- Battle of Sarakhs: Part of the Seljuk-Ghaznavid Wars
| Date | May 1038 |
| Location | Sarakhs |
| Result | Seljuk victory |

Belligerents
- Ghaznavid Empire: Seljuk Turks

Commanders and leaders
- Begtoghdi Subashi: Chaghri Beg Ibrahim Inal Tughril Beg

Strength
- 15,000–25,000^{[citation needed]}: 12,000–15,000^{[citation needed]}

Casualties and losses
- Large amount taken captive: Unknown

= Battle of Sarakhs (1038) =

Battle between the Ghaznavids and Seljuks

The Battle of Sarakhs took place in 1038 between the Seljuk army under the command of Chaghri Beg, Tughril I, and Ibrahim Inal and the Ghaznavid army under the command of Begtoghdi and Subashi. As a result of the battle, the Ghaznavids were defeated.

When the Ghaznavid sultan Mahmhud returned from India he blamed his general Subashi for events that had occurred during his absence. He ordered Subashi to march against the Seljuks with his army and wage a battle against them.

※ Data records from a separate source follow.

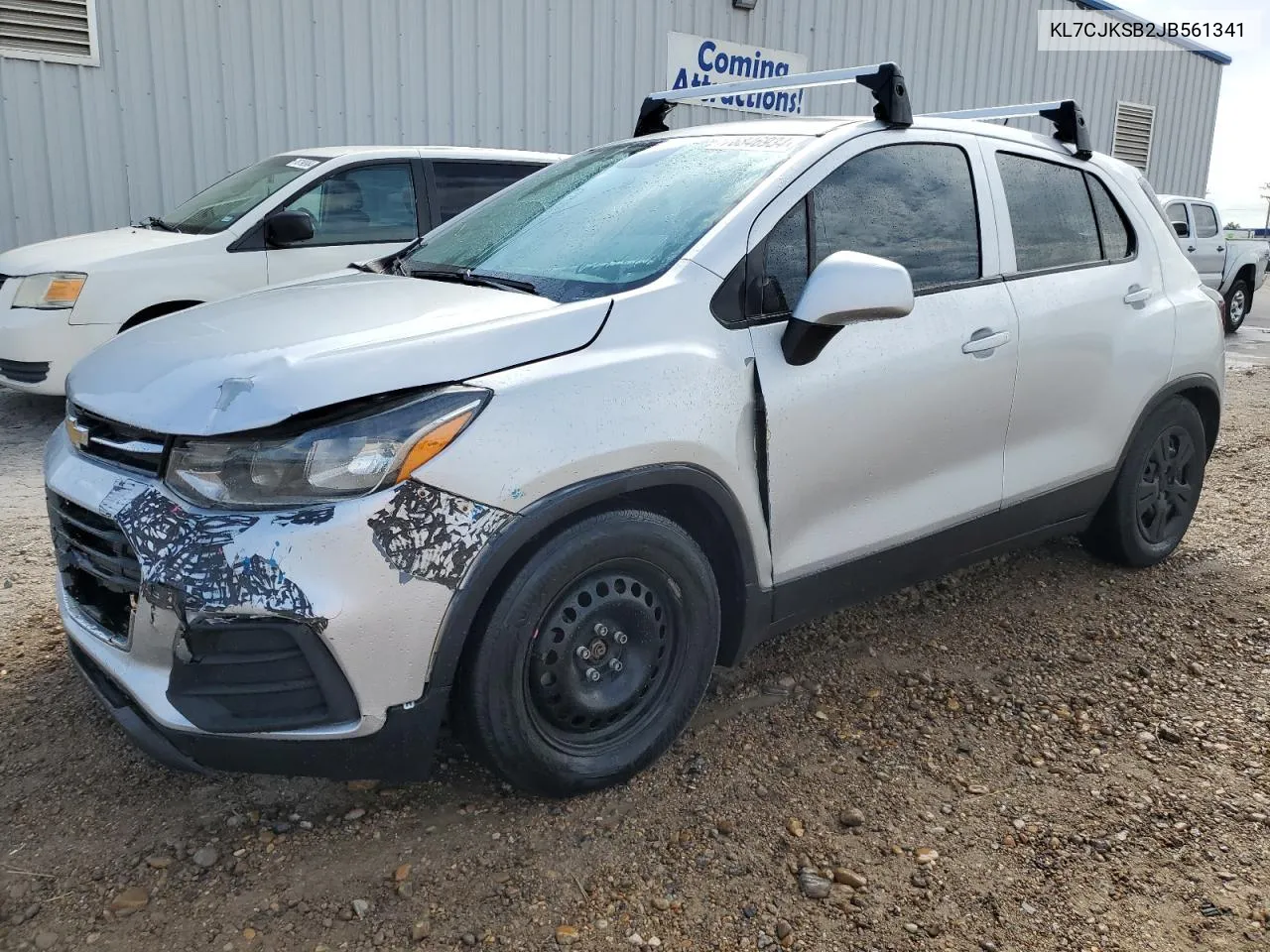 2018 Chevrolet Trax Ls VIN: KL7CJKSB2JB561341 Lot: 76846934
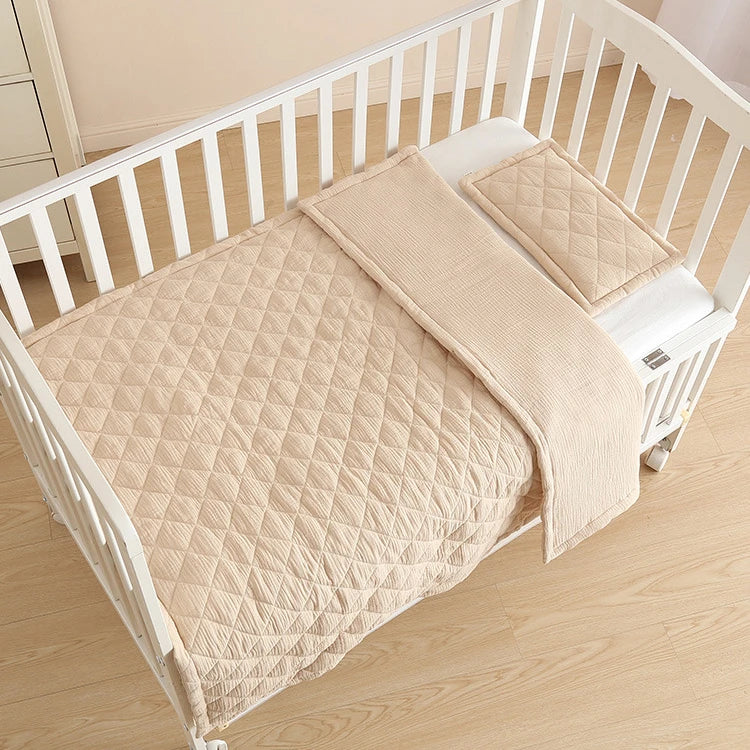 couverture bébé muslin coton solide beige géométrique hiver automne simple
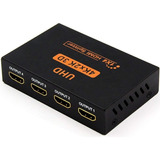 Divisor Hdmi Splitter Amplificador Compatible Con Hdmi 1x4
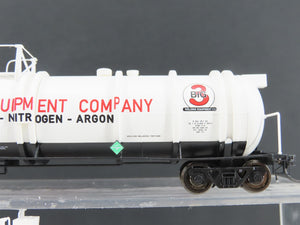 HO Broadway Limited BLI 6102 UTLX Big Three Industry Cryogenic Tankcar 2-Pack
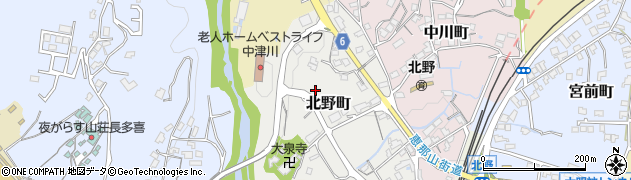岐阜県中津川市北野町4周辺の地図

Subashi marched against the Seljuks. Once the Seljuks had heard of his advance they decided to confront the Ghaznavid army. The two armies met in a day long fight at Sarakhs during which the Tughril Beg and Chaghri Beg inflicted a major defeat against the Ghaznavid general Subashi. The Seljuks captured a large amount of booty and captives. This victory gave the Seljuks complete control over Khorasan.